Mon roman est un cas classique, quasi psychanalytique, de pulsion meurtrière sublimée grâce à la littérature.
Je regardais la télé. J’avais encore la télé à l’époque. Je ne me souviens plus du nom de l’émission, ni de la chaîne. Un jeune témoignait sur ses difficultés à trouver sa place dans la société, en particulier ses difficultés à s’insérer dans le monde du travail. Le reportage terminé, la présentatrice a demandé à un producteur/présentateur à lunettes noires ce qu’il pensait de ce témoignage. Le type, qui avait dix-neuf ans en 1968, a répondu en gros que les jeunes d’aujourd’hui passaient leur temps à se plaindre, contrairement à ceux de sa génération qui n’avaient demandé la permission à personne pour s’imposer et faire leur trou. J’ai pensé : « Espèce d’enfoiré. » Ce grand bourgeois qui avait surfé sur une vague enivrante de plein emploi et de libération sexuelle venait donner des leçons à des jeunes dont entre 20 et 30% sont confrontés au chômage et à la pauvreté, et dont les rapports sexuels sont hantés par le spectre du sida. Je ne parle même pas des prophéties apocalyptiques au son desquelles ils ont grandi. Crises financières, bouleversements climatiques, crises migratoires, terrorisme, disruption, intelligence artificielle menaçant le peu d’emplois restants, fin de l’humanité et j’en passe. Il fallait que je donne une bonne leçon à ce type. Une opération déradicalisation s’imposait.

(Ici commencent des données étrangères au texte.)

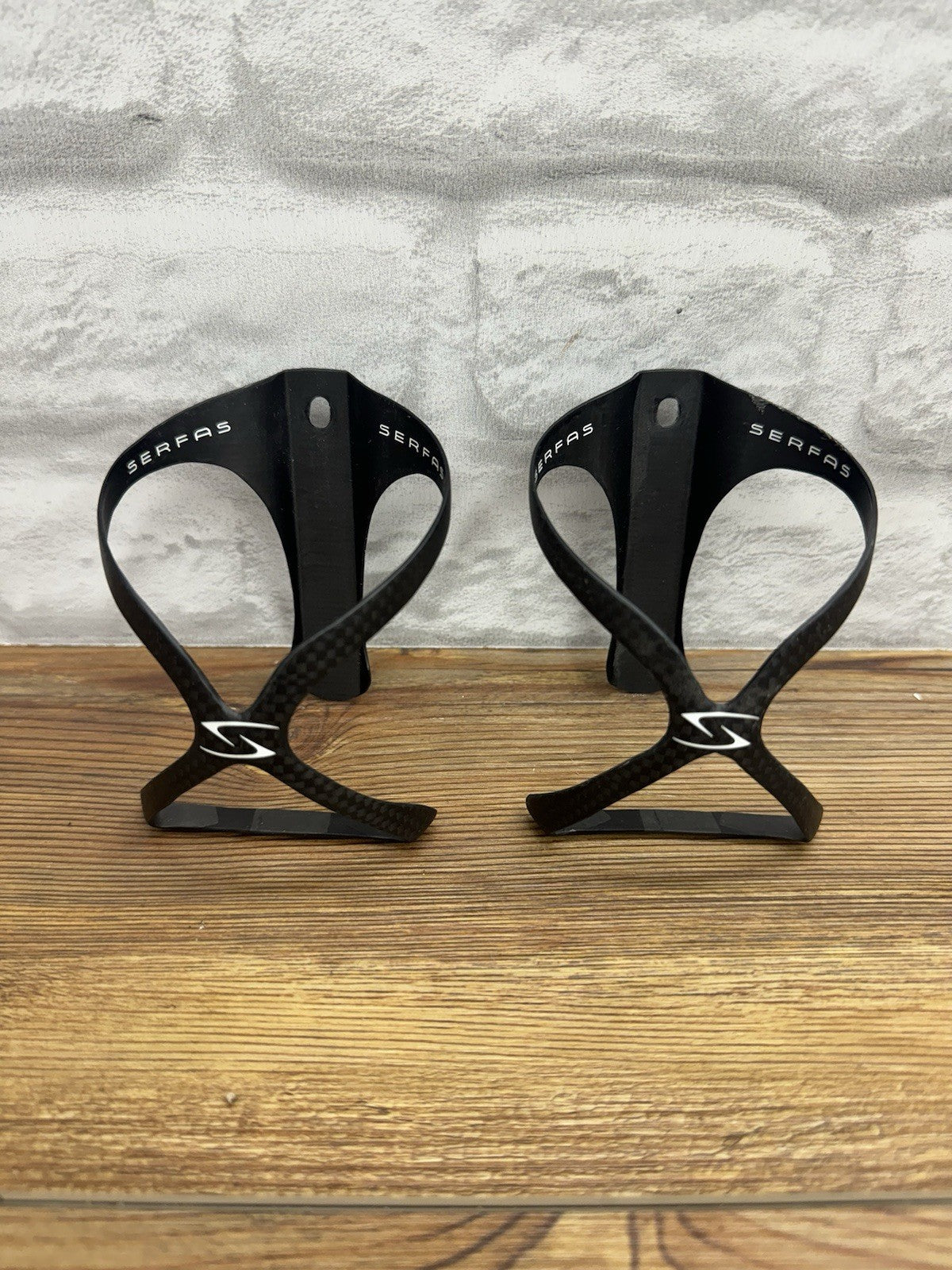 Serfas Carbon Bottle Cage Set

Pendant une nuit d’insomnie, en plein trip grippal, j’ai griffonné le plan du roman dans les marges d’un journal qui trainait près de mon lit. Je me suis mis à l’écriture juste après la publication de mon premier recueil de nouvelles, Un peu plus bas vers la terre. Au début, mon personnage principal était un présentateur, puis j’ai réalisé que les milliardaires étaient sans doute plus à blâmer pour les tourments du monde. Il me fallait un patron actuel, capable d’aller au bout de l’entreprise que je comptais lui confier. Forcément, j’ai pensé internet, ubérisation. C’est ainsi qu’Emmanuel Wynne est né.
J’ai passé cinq moins enfermé dans une cave avec lui. L’expérience a été intense, perturbante. L’actualité rattrapait ma fiction. J’ai terminé le livre au rythme des manifestations contre la loi El Kohmri. La rue et mes derniers chapitres entraient en résonance. Je connaissais la fin de mon roman. J’étais curieux de savoir où la grogne nous mènerait. Finalement, les nuits debout sont allées se coucher. La révolution serait pour une autre fois.
Point final.
Lessivé, je me suis juré d’écrire une comédie.